══ RECORDS TO PROCESS ══

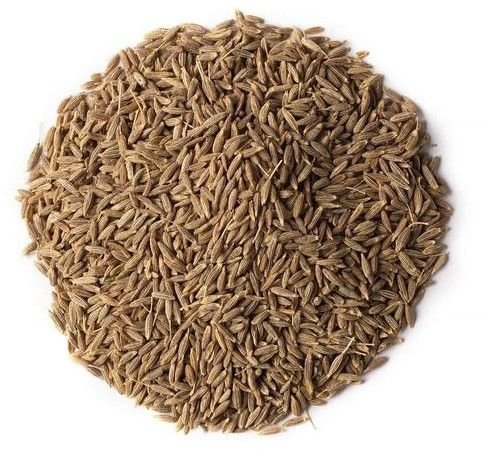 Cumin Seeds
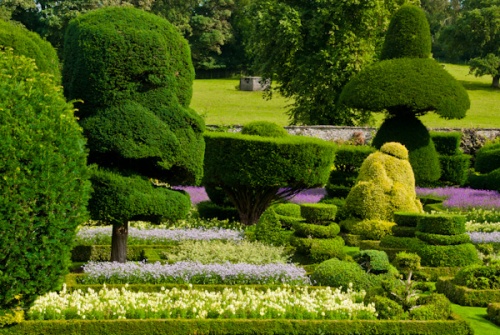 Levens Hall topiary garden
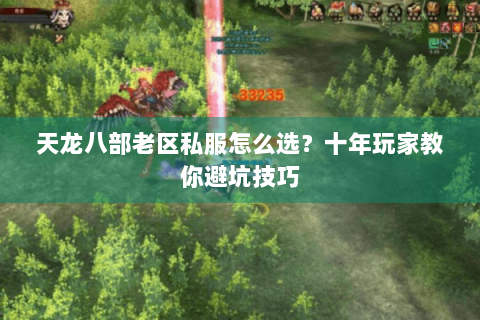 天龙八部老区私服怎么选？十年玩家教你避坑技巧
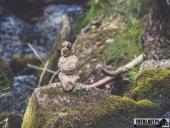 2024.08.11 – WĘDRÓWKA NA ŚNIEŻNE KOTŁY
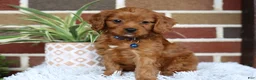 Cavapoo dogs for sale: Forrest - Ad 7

═══

▶ **WHAT YOU ARE ASKED TO DO**
The lines from the one holding "天龙八部老区私服怎么选？十年玩家教你避坑技巧" through the end of the material above are to be echoed exactly, both ends included. Do not include pictures.

▶ **OUTPUT**
 天龙八部老区私服怎么选？十年玩家教你避坑技巧
 2024.08.11 – WĘDRÓWKA NA ŚNIEŻNE KOTŁY
 Cavapoo dogs for sale: Forrest - Ad 7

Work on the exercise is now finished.